Well done to those who bought 1.3187/1.32!

USD/CAD:

Pressured by rising WTI prices on trade headlines, the USD/CAD pulled back and shook hands with a particularly interesting area of H4 support Tuesday between August’s opening level at 1.3187, an intersecting channel support (extended from the low 1.3015) and the round number 1.32 (yellow). For those who read Tuesday’s briefing you may recall the piece highlighting this zone as a potential buy, targeting daily resistance at 1.3251 as the initial take-profit zone.

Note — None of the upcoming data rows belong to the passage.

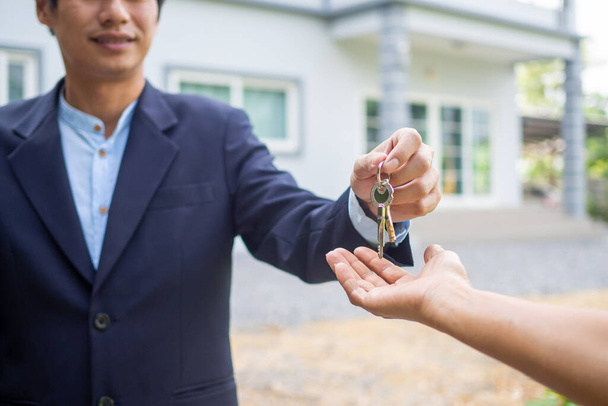 A lakásvásárlók hazaviszik a kulcsokat az eladóktól. Add el a házad, bérelj házat és vegyél ötleteket.. - Fotó, kép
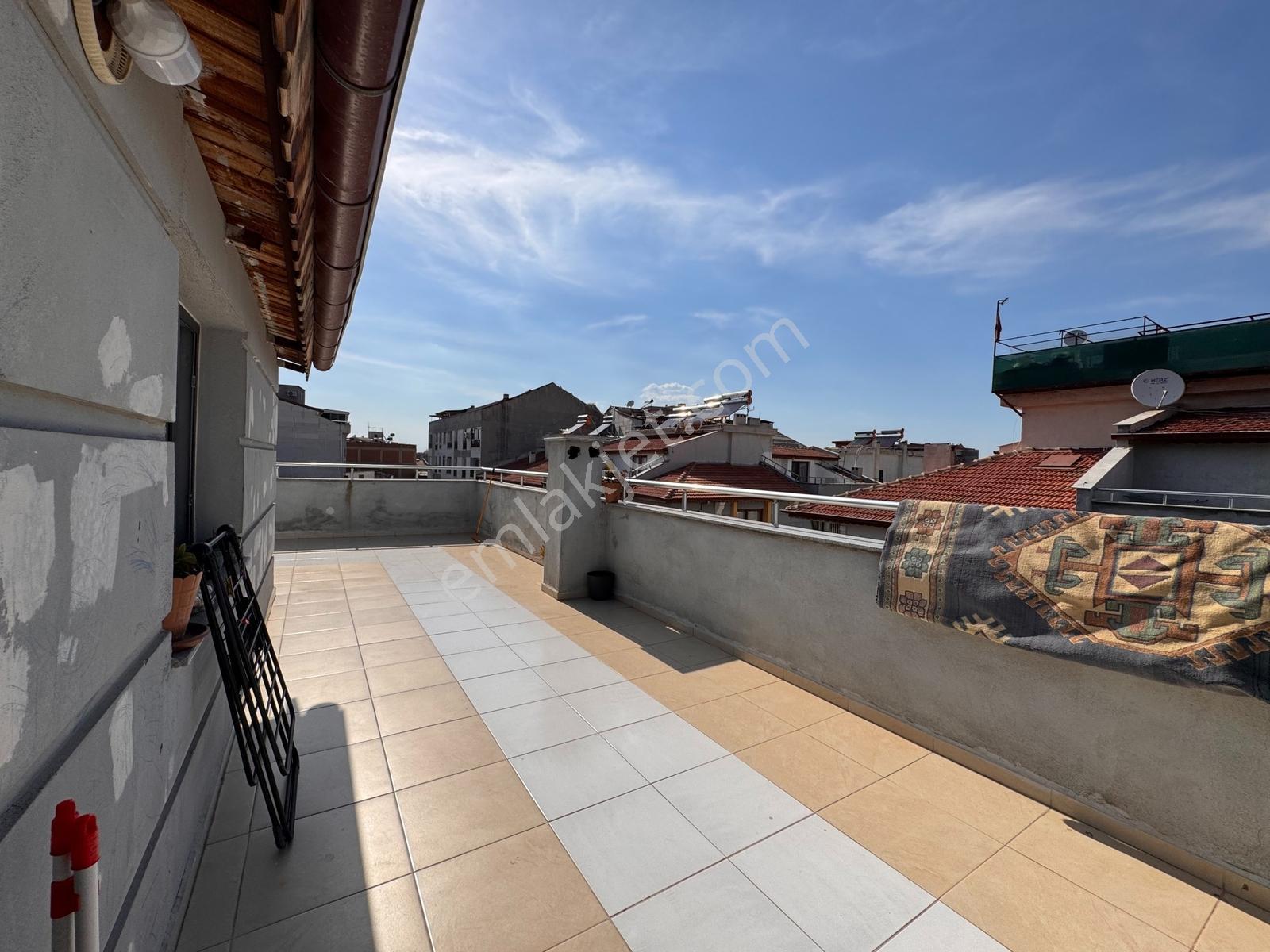Kocaçeşme'de Satılık 4+1 170 M2 Doğalgazlı Dubleks Daire - Görsel 15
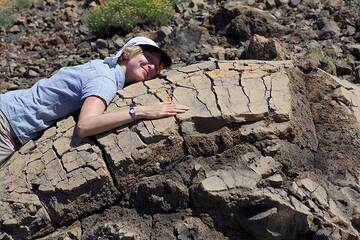 Isabel seems to like the volcanic bomb very much... (Photo: Tom Pfeiffer)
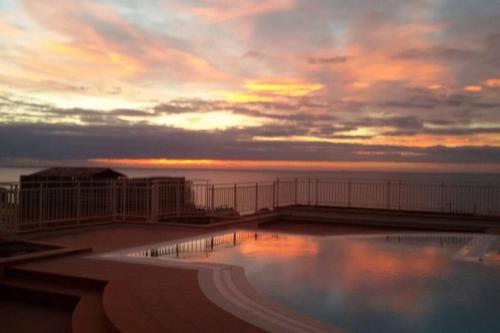 Monaco Luxueux studio - piscine - climatisation : Appartements proche de Cap-d'Ail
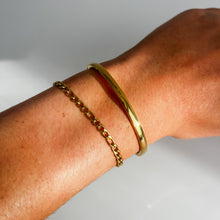 Load image into Gallery viewer, Figaro Bracelet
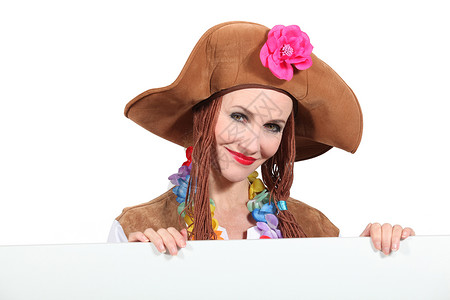 棕帽子女性性格背景图片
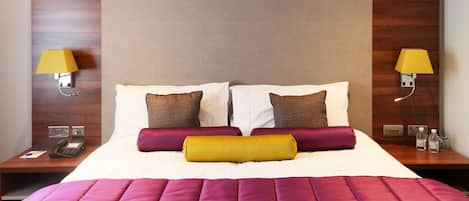 Deluxe Double Room | In-room safe, desk, laptop workspace, soundproofing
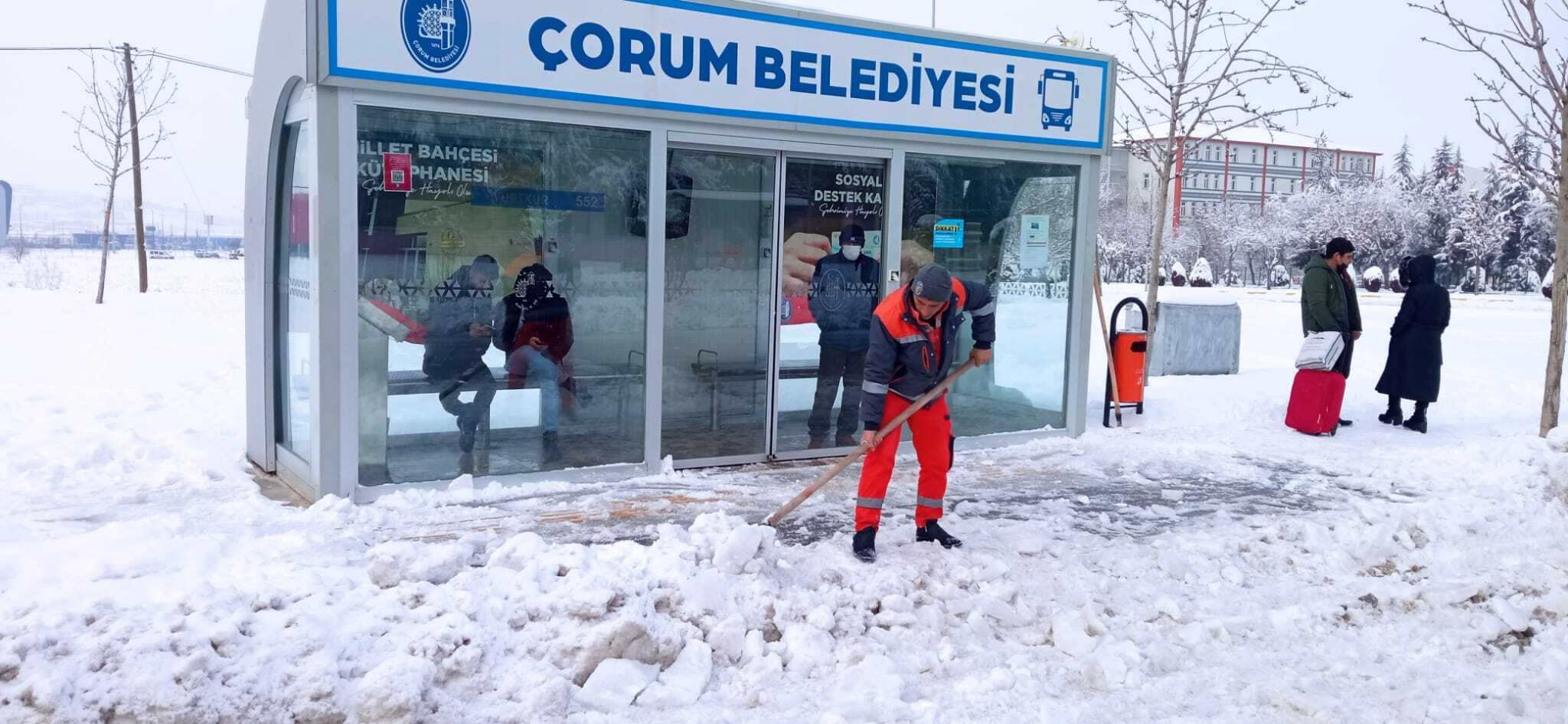 Belediye’nin karla mücadele çalışmaları takdir topladı
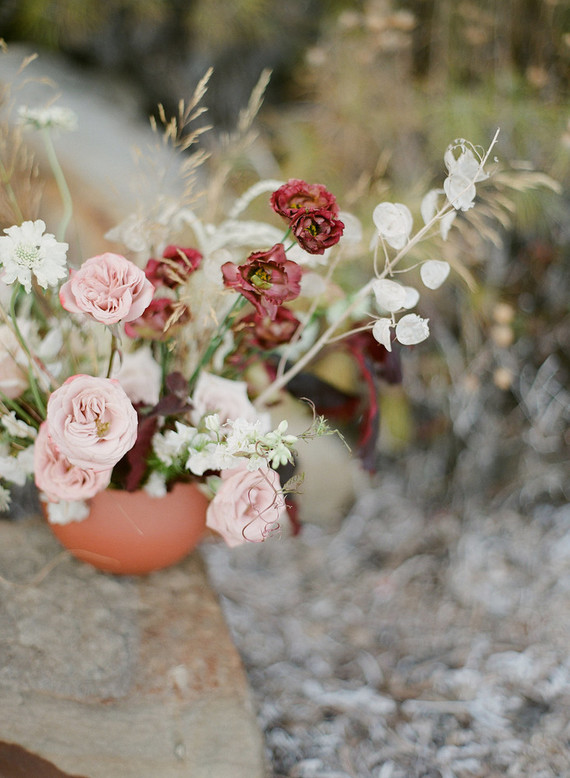 Rustic modern beach elopement ideas in Greece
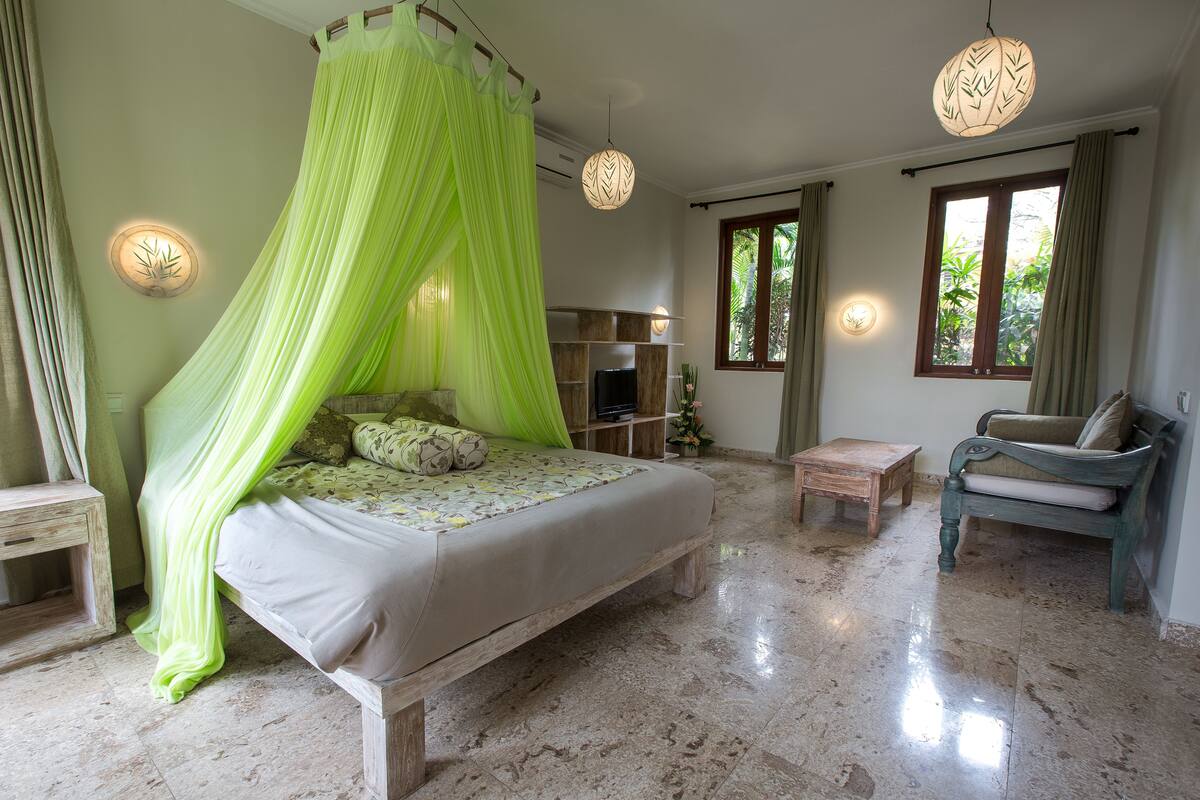 Suite, Garden View | In-room safe, desk, rollaway beds (surcharge), WiFi (free)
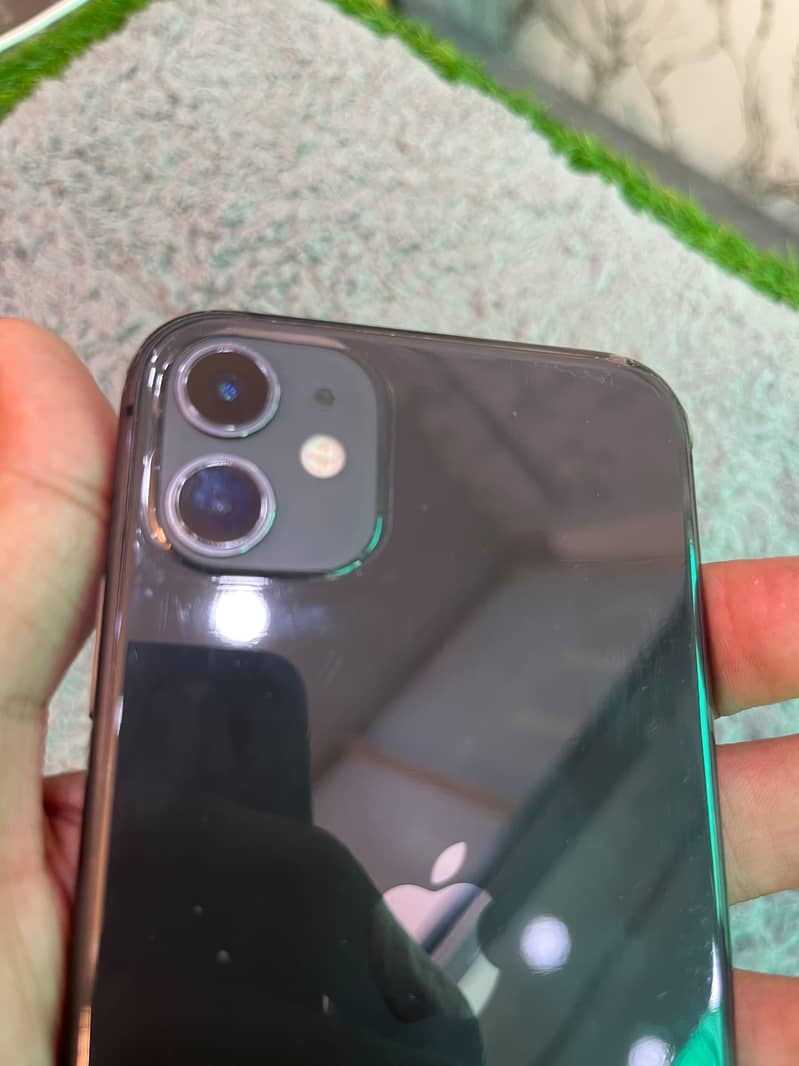 Apple iPhone 11 4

As is evident from the charts, the said daily resistance level has yet to enter the fold. In terms of where the unit is positioned on the weekly timeframe, however, upside momentum has diminished over the past couple of weeks, shaped in the mould of selling wicks south of the 2017 yearly opening level at 1.3434, closely shadowed by trend line support-turned resistance etched from the low 1.2247.

Areas of consideration:

Traders who remain long this market today, holding out for the daily resistance level at 1.3251 is certainly an idea. At this point, reducing risk to breakeven is something to consider, with the option of liquidating a portion of the profits. A run above 1.3251 has the 200-day SMA to target close by at 1.3301, sited just above the 1.33 handle on the H4 chart, so traders can simply use 1.33 as the next upside target for ease of reference.